McGeechan, who leads the Lions on their tour of South Africa next summer, has appointed England's Graham Rowntree as an assistant coach with particular responsibility for scrummaging.
"Graham has been a Lion. He knows what it's all about and he knows what it takes to produce an environment that the forwards need to be playing in and training in," said McGeechan, who will be looking to emulate his series success of 11 years ago when the Lions return to the land of the Springboks.
"He's always impressed me, not only as a person but also as a technical coach who will get the best out of the players. That is very important going forward."
Rowntree won over 50 caps for his country and made 12 appearances for the Lions, appearing in two Tests and playing an important role in two hugely successful mid-week sides in 1997 and 2005. For McGeechan, Rowntree's understanding of the Lions ethos will be a critical aspect of a winning Lions squad in six months time.

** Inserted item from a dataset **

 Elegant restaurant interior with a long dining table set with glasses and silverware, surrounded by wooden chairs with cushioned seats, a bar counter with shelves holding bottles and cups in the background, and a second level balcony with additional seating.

"Experience of doing things is very important. Knowing South Africa is another important factor.
"We need to be pulling together as a coaching team and his advice is going to be very important in getting the right chemistry and mix to make sure we have every opportunity of creating the environment that gives the players best chance to perform in a Lions jersey."
South Africa have long been renowned for their pride in their scrummaging ability and McGeechan knows that those tight exchanges are likely to be critical if the Lions want to return home with another victory over the reigning World Champions. Rowntree will therefore be focusing on all aspects of the scrum but McGeechan is keen to stress that his new addition's role will be far more wide reaching.

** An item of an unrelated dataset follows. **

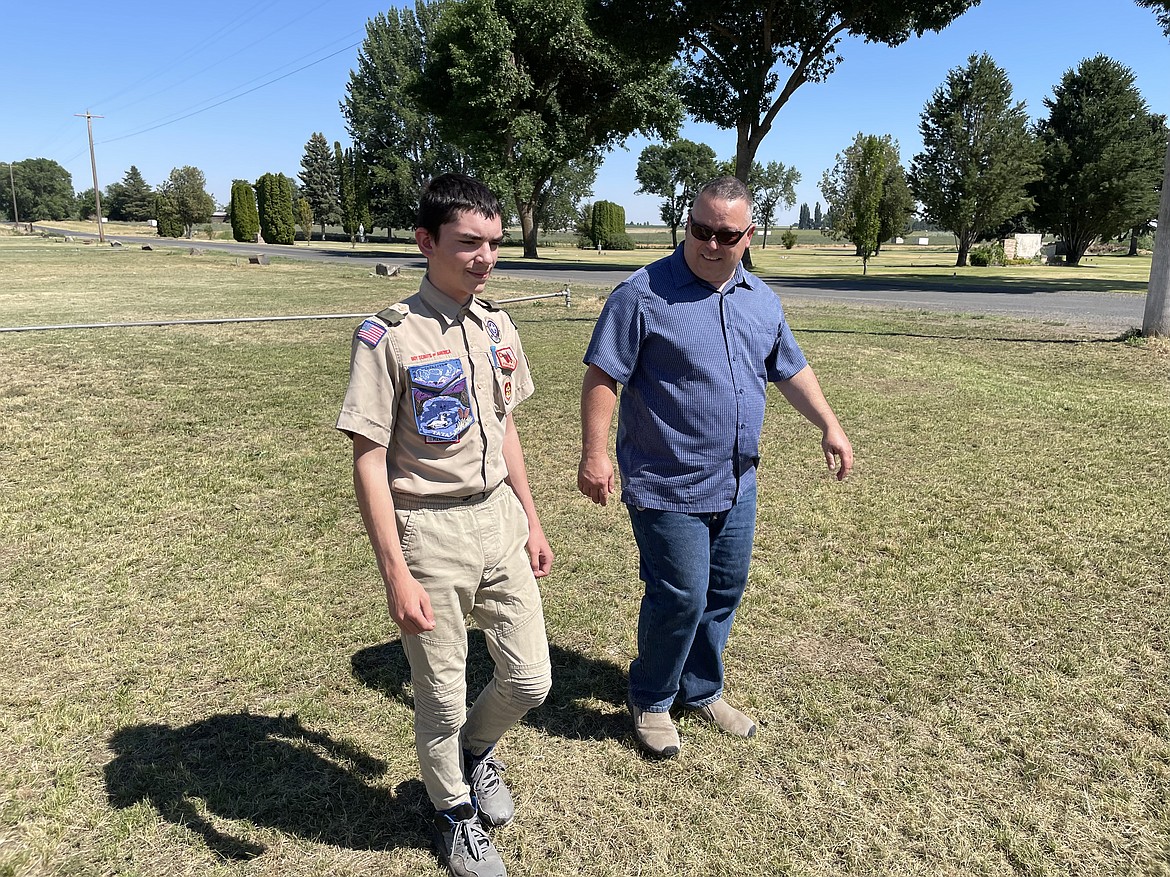 Chance Morris and his father Justin, who is also the Scoutmaster of Troop 777, walk outside the chapel at Pioneer Memorial Gardens.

"We felt it was very important that we had a technical scrummaging coach with the challenge that South Africa bring and the platforms that you want to play from," explained McGeechan.
"If the scrum can be as good as possible, then it gives you a start for the rest of the game. It's important that, technically, we are astute and as prepared as we can be in that area. That does bring a lot of confidence to some of the other things you can do, particularly in forward play.
"Although, technically, the scrum is going to be Graham's responsibility, he's going to have a general impact on what we're doing in training as a team, as a group of forwards, with Gats (Warren Gatland) and with me.
"We're not going to be compartmentalised in what we do. There's going to be a lot of things going into the mix and Graham compliments everybody who's already there. That's the exciting thing for me, that you can see someone adding something to the pot."